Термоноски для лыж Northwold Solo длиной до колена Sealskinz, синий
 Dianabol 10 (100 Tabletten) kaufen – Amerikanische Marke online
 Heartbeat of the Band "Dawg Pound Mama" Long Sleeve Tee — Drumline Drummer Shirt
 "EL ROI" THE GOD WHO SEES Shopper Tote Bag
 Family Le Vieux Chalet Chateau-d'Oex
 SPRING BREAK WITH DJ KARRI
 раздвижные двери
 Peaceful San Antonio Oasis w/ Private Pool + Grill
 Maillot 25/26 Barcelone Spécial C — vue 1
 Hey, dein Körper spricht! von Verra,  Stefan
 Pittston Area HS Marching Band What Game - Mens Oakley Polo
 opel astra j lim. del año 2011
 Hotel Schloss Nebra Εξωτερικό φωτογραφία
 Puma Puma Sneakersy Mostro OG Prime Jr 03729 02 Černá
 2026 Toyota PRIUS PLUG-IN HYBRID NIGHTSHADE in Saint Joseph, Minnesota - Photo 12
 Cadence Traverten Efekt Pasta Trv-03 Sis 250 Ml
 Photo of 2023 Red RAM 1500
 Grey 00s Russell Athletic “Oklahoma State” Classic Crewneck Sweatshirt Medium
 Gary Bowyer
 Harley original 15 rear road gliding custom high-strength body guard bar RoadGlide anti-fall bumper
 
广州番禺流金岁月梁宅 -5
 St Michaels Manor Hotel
- - - -
> [Assigned task]
The full listing is to be printed again exactly as it stands.

> [Reply]
Термоноски для лыж Northwold Solo длиной до колена Sealskinz, синий
 Dianabol 10 (100 Tabletten) kaufen – Amerikanische Marke online
 Heartbeat of the Band "Dawg Pound Mama" Long Sleeve Tee — Drumline Drummer Shirt
 "EL ROI" THE GOD WHO SEES Shopper Tote Bag
 Family Le Vieux Chalet Chateau-d'Oex
 SPRING BREAK WITH DJ KARRI
 раздвижные двери
 Peaceful San Antonio Oasis w/ Private Pool + Grill
 Maillot 25/26 Barcelone Spécial C — vue 1
 Hey, dein Körper spricht! von Verra,  Stefan
 Pittston Area HS Marching Band What Game - Mens Oakley Polo
 opel astra j lim. del año 2011
 Hotel Schloss Nebra Εξωτερικό φωτογραφία
 Puma Puma Sneakersy Mostro OG Prime Jr 03729 02 Černá
 2026 Toyota PRIUS PLUG-IN HYBRID NIGHTSHADE in Saint Joseph, Minnesota - Photo 12
 Cadence Traverten Efekt Pasta Trv-03 Sis 250 Ml
 Photo of 2023 Red RAM 1500
 Grey 00s Russell Athletic “Oklahoma State” Classic Crewneck Sweatshirt Medium
 Gary Bowyer
 Harley original 15 rear road gliding custom high-strength body guard bar RoadGlide anti-fall bumper
 
广州番禺流金岁月梁宅 -5
 St Michaels Manor Hotel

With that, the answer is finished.